I have been very critical of the Obama administration’s decisions to continue the Bush administration’s practice of seeking dismissal of entire cases based on the state secrets privilege. The President’s statement last night, however, was encouraging, and I hope it means that the administration will announce its support for the State Secrets Protection Act, which I have proposed along with several other senators. The administration’s backing would boost the bill’s already strong prospects in the Judiciary Committee and the Senate.

Obama's words on State Secrets last night were nice ones, even though he has contradicted them as fully as possible with his actions thus far.  The only question worth asking is whether his actions will now comport with those words.

* * * * * 

As for Obama's answer to Tapper on whether he believes the Bush administration "sanctioned torture," what is most significant is that Obama flatly stated that waterboarding -- which Bush officials acknowledged that they ordered -- constitutes "torture."  That means that Obama is currently and simultaneously advocating these positions:

* Bush officials ordered torture.

* Torture is a crime.

Nobody is above the law.

Unless you're David Broder, Fred Hiatt, Peggy Noonan or Tom Friedman, those premises of Obama's, as a matter of logical reasoning, all necessarily lead to one conclusion (hint:  it's not:  "This is a time for reflection, not retribution").  Greg Sargent has similar thoughts about the significance of Obama's torture answer.

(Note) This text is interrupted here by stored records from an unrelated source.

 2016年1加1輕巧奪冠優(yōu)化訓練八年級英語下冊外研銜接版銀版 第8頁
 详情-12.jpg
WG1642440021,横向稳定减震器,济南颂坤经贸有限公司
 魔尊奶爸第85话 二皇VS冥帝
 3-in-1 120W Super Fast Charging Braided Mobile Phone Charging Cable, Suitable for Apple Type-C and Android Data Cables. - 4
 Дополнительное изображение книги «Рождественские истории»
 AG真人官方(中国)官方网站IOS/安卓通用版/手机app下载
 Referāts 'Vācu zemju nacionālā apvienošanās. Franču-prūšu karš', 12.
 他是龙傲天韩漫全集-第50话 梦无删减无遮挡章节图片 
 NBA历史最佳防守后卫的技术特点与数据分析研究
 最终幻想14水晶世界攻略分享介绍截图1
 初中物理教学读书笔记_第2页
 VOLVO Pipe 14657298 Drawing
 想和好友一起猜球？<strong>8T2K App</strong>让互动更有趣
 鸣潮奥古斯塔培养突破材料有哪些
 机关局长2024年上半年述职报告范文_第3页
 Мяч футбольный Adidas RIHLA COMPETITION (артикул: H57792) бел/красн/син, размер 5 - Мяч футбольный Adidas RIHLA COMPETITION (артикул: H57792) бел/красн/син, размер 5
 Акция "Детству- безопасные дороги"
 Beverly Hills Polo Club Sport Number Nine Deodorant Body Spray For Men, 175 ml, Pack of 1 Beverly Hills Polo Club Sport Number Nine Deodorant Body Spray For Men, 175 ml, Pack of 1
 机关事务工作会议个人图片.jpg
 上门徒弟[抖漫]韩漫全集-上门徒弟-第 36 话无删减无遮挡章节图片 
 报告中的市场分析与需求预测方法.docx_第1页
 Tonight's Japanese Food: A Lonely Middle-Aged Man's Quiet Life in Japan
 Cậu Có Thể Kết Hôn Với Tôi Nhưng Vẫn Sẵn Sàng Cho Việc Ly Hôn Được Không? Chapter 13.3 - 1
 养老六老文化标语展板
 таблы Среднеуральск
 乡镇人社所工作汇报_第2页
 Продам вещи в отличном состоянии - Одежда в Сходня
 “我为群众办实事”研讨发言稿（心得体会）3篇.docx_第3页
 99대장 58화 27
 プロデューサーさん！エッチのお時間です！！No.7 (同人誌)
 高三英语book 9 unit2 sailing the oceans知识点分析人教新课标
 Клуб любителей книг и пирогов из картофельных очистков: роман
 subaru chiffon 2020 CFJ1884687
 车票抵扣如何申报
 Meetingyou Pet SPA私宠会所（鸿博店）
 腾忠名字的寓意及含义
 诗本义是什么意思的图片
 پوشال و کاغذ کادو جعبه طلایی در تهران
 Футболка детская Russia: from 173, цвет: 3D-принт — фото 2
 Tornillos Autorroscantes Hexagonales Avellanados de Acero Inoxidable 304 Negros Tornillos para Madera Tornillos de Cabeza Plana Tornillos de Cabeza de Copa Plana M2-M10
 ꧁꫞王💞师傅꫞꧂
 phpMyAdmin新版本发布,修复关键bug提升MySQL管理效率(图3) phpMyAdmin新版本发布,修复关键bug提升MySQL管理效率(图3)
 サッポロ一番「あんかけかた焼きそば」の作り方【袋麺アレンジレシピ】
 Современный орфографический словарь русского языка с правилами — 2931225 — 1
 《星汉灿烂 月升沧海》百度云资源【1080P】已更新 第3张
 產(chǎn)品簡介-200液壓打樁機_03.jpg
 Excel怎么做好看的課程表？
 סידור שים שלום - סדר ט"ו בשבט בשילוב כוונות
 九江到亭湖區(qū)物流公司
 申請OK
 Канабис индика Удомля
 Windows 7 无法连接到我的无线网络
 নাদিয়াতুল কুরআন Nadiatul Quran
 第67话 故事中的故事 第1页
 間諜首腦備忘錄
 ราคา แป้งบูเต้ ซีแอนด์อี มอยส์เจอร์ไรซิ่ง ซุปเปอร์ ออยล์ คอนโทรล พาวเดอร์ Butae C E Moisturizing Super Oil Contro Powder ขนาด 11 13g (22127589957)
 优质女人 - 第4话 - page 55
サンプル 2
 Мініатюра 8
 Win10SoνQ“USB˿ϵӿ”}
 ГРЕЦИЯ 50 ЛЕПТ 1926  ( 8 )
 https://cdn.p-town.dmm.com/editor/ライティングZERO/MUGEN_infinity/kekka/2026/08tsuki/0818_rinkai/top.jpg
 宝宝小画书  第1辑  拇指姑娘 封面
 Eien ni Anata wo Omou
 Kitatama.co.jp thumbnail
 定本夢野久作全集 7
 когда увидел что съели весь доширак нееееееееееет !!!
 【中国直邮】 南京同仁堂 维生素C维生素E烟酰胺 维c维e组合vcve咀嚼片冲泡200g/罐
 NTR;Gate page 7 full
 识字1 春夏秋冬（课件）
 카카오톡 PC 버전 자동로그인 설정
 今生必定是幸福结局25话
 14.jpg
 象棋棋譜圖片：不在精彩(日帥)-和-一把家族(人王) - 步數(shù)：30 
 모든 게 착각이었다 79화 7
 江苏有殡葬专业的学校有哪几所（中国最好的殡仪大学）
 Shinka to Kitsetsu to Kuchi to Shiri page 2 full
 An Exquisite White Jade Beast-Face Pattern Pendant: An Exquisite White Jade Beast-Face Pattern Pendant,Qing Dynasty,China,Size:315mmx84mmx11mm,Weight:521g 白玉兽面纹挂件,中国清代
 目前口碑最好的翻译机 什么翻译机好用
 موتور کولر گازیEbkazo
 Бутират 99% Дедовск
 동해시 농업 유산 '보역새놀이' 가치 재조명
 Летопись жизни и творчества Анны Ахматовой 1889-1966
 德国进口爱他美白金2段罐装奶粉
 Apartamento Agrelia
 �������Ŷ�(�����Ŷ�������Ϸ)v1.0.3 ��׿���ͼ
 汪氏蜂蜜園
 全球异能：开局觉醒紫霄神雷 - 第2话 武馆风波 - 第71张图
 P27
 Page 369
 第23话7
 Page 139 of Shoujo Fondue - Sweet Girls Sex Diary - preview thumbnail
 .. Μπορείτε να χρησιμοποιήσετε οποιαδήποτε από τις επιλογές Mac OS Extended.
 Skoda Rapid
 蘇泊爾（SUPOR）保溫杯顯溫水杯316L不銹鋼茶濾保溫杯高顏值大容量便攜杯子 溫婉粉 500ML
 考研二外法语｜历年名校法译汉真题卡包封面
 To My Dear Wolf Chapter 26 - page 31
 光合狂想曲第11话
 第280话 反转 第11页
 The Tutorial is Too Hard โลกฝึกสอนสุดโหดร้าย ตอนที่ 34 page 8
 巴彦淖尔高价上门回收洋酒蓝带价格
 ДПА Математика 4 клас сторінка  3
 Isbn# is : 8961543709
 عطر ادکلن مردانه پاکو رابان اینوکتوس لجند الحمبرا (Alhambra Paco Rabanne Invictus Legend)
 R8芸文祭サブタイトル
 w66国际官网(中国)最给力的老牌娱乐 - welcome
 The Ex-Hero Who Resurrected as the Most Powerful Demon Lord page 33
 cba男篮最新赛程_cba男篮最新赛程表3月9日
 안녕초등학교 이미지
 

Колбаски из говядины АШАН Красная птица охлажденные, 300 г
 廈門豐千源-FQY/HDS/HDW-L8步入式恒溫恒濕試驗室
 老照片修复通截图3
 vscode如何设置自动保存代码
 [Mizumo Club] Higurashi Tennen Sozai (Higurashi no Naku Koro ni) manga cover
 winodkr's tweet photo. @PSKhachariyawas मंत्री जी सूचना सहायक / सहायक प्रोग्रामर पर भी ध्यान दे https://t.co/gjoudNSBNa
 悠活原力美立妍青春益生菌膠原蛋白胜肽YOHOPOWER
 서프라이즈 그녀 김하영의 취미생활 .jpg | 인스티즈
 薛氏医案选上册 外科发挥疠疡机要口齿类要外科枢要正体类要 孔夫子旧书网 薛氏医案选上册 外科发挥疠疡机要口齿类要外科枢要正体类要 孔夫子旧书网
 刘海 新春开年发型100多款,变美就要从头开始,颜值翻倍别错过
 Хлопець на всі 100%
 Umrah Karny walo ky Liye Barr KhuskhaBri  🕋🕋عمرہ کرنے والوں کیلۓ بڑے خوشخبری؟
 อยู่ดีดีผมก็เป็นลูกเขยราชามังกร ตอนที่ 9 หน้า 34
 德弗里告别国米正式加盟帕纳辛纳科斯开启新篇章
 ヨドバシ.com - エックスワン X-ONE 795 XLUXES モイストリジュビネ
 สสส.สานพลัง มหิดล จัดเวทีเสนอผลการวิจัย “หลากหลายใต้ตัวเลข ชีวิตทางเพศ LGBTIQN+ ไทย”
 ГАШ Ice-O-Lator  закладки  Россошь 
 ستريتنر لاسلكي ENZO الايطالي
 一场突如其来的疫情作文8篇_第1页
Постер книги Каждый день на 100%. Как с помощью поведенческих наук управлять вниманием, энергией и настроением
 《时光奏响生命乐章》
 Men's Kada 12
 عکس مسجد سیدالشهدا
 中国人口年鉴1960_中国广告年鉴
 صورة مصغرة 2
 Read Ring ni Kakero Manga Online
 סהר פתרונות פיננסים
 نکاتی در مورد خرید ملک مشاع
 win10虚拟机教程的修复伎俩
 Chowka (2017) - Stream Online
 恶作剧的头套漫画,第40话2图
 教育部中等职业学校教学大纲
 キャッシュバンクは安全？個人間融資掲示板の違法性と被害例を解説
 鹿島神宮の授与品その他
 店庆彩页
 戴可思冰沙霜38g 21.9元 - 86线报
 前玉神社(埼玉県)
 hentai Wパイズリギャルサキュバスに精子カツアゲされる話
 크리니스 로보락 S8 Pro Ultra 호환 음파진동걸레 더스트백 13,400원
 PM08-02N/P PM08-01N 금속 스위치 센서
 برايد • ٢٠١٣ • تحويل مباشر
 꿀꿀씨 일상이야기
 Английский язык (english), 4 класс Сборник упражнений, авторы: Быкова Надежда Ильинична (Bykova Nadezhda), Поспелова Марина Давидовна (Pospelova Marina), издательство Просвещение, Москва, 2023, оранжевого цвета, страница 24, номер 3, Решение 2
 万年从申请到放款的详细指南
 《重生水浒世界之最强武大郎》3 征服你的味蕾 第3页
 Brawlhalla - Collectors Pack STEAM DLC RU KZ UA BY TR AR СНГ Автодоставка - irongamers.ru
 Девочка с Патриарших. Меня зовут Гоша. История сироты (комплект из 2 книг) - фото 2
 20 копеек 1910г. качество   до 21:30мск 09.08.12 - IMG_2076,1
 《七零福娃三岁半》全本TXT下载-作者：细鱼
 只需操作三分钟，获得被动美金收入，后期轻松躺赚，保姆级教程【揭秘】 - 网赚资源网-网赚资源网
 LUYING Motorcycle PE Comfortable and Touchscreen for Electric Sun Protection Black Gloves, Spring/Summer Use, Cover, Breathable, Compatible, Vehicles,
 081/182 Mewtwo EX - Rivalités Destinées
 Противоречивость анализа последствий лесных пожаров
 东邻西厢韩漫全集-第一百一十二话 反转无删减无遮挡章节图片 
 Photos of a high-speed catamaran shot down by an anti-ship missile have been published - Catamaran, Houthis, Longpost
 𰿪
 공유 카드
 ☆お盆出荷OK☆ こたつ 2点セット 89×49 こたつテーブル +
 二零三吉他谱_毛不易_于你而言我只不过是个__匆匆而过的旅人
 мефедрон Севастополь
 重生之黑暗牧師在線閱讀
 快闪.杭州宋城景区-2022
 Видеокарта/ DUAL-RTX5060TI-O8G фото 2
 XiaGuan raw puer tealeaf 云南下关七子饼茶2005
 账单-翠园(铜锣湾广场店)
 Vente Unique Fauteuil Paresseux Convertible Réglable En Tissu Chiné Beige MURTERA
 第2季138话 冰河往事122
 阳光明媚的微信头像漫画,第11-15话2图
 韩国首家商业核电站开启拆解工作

UPDATE:  When asking Obama about whether Bush officials sanctioned torture, Tapper explicitly stated that "torture is a violation of international law and the Geneva Conventions" (it is also a violation of clear domestic criminal law).  Obama's acknowledgment that Bush officials did indeed sanction "torture" by, at the very least, ordering waterboarding amounts to a clear concession that Bush officials broke the law.  When you combine that conclusion with the "nobody-is-above-the-law" mantra they keep embracing, the case for criminal investigations makes itself.


UPDATE II:  Rep. Jerry Nadler, commenting to Greg Sargent on Obama's torture remarks, makes the obvious point:

President Obama said, "They used torture, I believe waterboarding is torture."  Once you concede that torture was committed, the law requires that there be an investigation, and if warranted, a prosecution . . . . The president stated in so many words: Waterboarding is torture, the previous administration has admitted that it waterboarded, and torture is a violation of international law.  Once this is admitted, there must be an investigation. It forces the Justice Department on this path.

I don't see how that can be contested.  As Sargent says:  "Expect more like this."